*EXTRACTED MATERIAL:*

——————————

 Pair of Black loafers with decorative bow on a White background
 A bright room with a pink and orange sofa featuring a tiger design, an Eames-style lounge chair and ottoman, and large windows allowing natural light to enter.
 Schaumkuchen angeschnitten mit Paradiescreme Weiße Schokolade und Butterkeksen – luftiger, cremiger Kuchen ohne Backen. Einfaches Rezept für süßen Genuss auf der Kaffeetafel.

——————————

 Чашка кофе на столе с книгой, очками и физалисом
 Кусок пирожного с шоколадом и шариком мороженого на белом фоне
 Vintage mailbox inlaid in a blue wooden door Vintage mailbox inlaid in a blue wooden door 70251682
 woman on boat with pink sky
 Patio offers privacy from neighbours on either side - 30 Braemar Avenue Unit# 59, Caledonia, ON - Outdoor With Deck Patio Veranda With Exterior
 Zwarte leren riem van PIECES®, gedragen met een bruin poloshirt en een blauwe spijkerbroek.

——————————

*ACTIVITY:* Give the number of lines in the records that contain the string "pink", and nothing besides.

*EXERCISE RESULT:* 2